In 1955, Wolfgang Leonhard published his autobiographical book entitled "The Revolution Releases Its Children", which in a few years had a circulation of hundreds of thousands of copies in Germany alone and was translated into almost all European languages. He became famous. Even today, he is considered one of the best connoisseurs of Stalinism and the development of the USSR and Russia after Stalin's death, the so-called perestroika and the collapse of the Soviet Union, communism, and the left-wing labor movement.
I think he started to become disillusioned with Titoism when the "Korčula Summer School" was banned, when the publication of the philosophical magazine "Praxis" was suspended, and when eight professors in Belgrade were deprived of the right to work at the University of Belgrade. When I asked him if that was the case, he wrote to me that for him "Belgrade is inextricably linked with one dream" and that for that reason it might be better to "keep a geographical and political distance", because that city and everything it meant would could turn out to be "too far from my former dream of the holy trinity - socialism, self-management and non-alignment...".
USSR UNDER THE SCENE: I admired how he managed to follow the events in the Soviet Union without even being allowed to come close to its borders for decades. I learned a lot when he explained to me how he made some timely conclusions based only on clues. I am giving examples.
In an article in the party organ "Pravda" dated June 10, 1953, Malenkov, Molotov and Beria are mentioned as "prominent leaders of the Soviet Union". A week later, on June 18, the newspaper "Pravda Ukraina" publishes an article by the supreme state prosecutor of the USSR Safonov, in which he strongly criticizes the "illegality and arbitrariness" of some associates of the "state apparatus" who should be "unmasked". On June 25, the press reports on the premiere of the opera "The Decembrists" at the Bolshoi Theater in Moscow and states that it was attended by "Malyenkov, Molotov, Voroshilov, Khrushchev and Bulganin." They do not mention Beria. Based on that, Leonhard concluded and announced that Beria was dismissed after June 10, but before June 25. Only on August 9 will it be publicly announced that Beria was relieved of all his duties and arrested, and later executed. Leonhard especially carefully followed the only available public reports in the newspapers, predicting the downfall of the then all-powerful head of the Soviet secret service six weeks in advance.

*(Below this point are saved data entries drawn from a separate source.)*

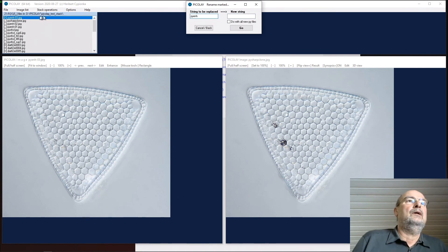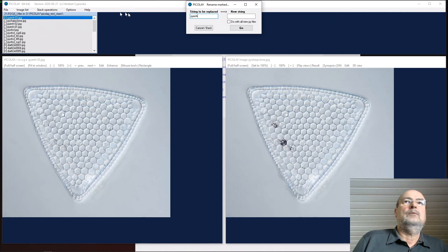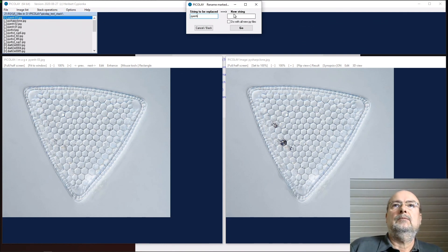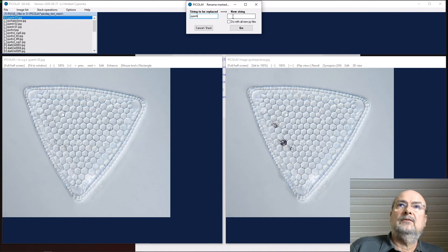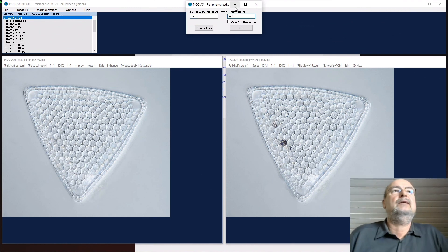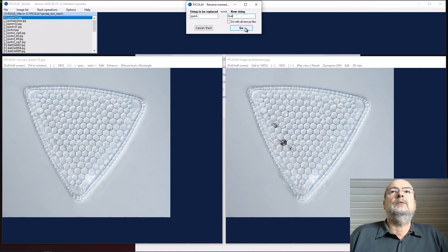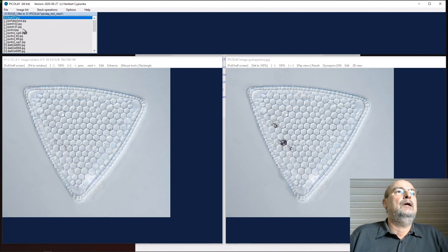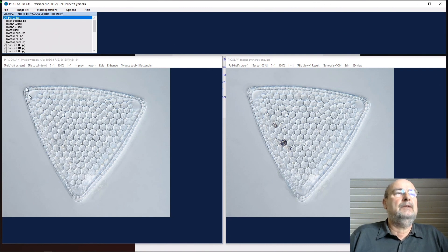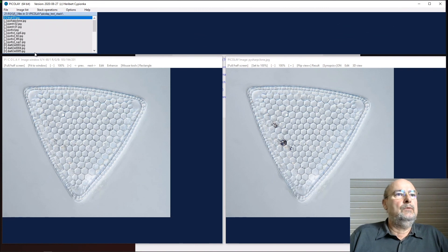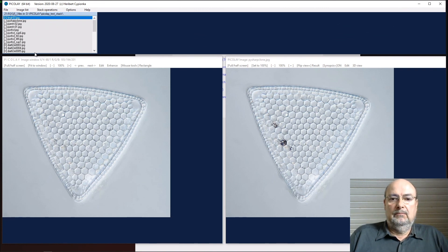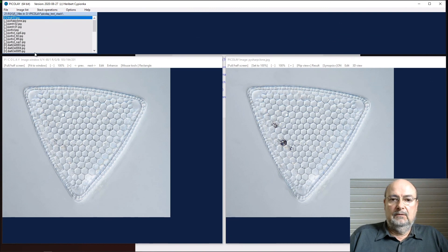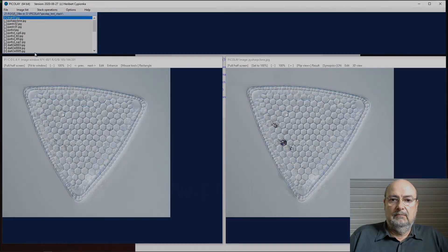And because this is only one marked, you would say this is our final result. And I would say go. We have our final result here, and I think it's a nice image of a diatom. Just download the stack and try to do this as well.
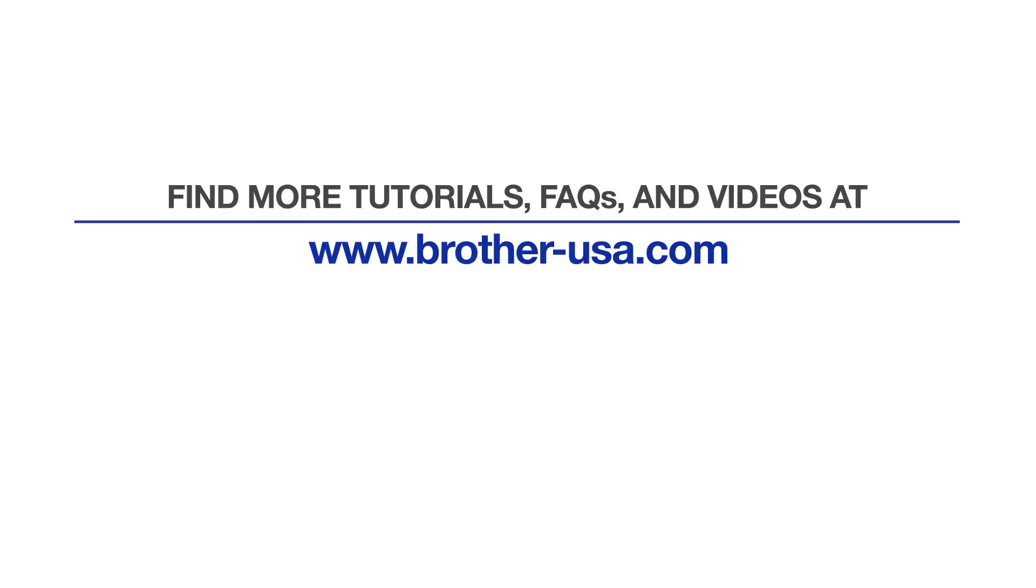For more tutorials, FAQs, and videos, visit us at www.brother-usa.com. If you found this video helpful, be sure to subscribe. Thank you for choosing Brother.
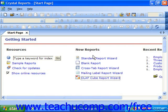Each wizard behaves in essentially the same manner that the standard report creation wizard does. You make your choices on each screen displayed and click the Next button to continue to the next screen. When you are done answering the questions displayed within each screen, you can click the Finish button to generate the selected report.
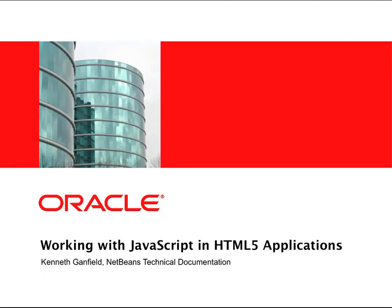Hi, my name is Ken from the NetBeans documentation team, and in this screencast I will demonstrate how you can use NetBeans IDE when developing HTML5 applications.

Another example: At the XX Congress of the Party in the USSR, which was held from December 21, 1955 to February 3, 1956, for the first time Stalin was not only publicly criticized, but Khrushchev in his secret speech accused him of numerous crimes. Leonhard established this in advance based on the following observation: Bulganin celebrated his sixtieth birthday on June 10, and Mikoyan on November 24, 1955. On that occasion, in the press they were called "loyal disciples of Lenin and comrades of Stalin". On the birthday of the late Stalin, December 21, he is still hailed as "the greatest leader." After that, his name did not appear in the press anymore. When Voroshilov celebrated his seventieth birthday on February 3, 1956, he was called a "faithful disciple of the great Lenin" in the newspapers, and Stalin was not mentioned. Based on this, Leonhard knew that the XX Congress had broken with Stalin long before it was announced.
Those two examples prove that for assessing the situation and development in the country, which is otherwise inaccessible, analytics is more important and usually more successful than the often unreliable reports of intelligence officers, who can be double agents, provocateurs, or simply naively fall for rumours, which would be said, spinning.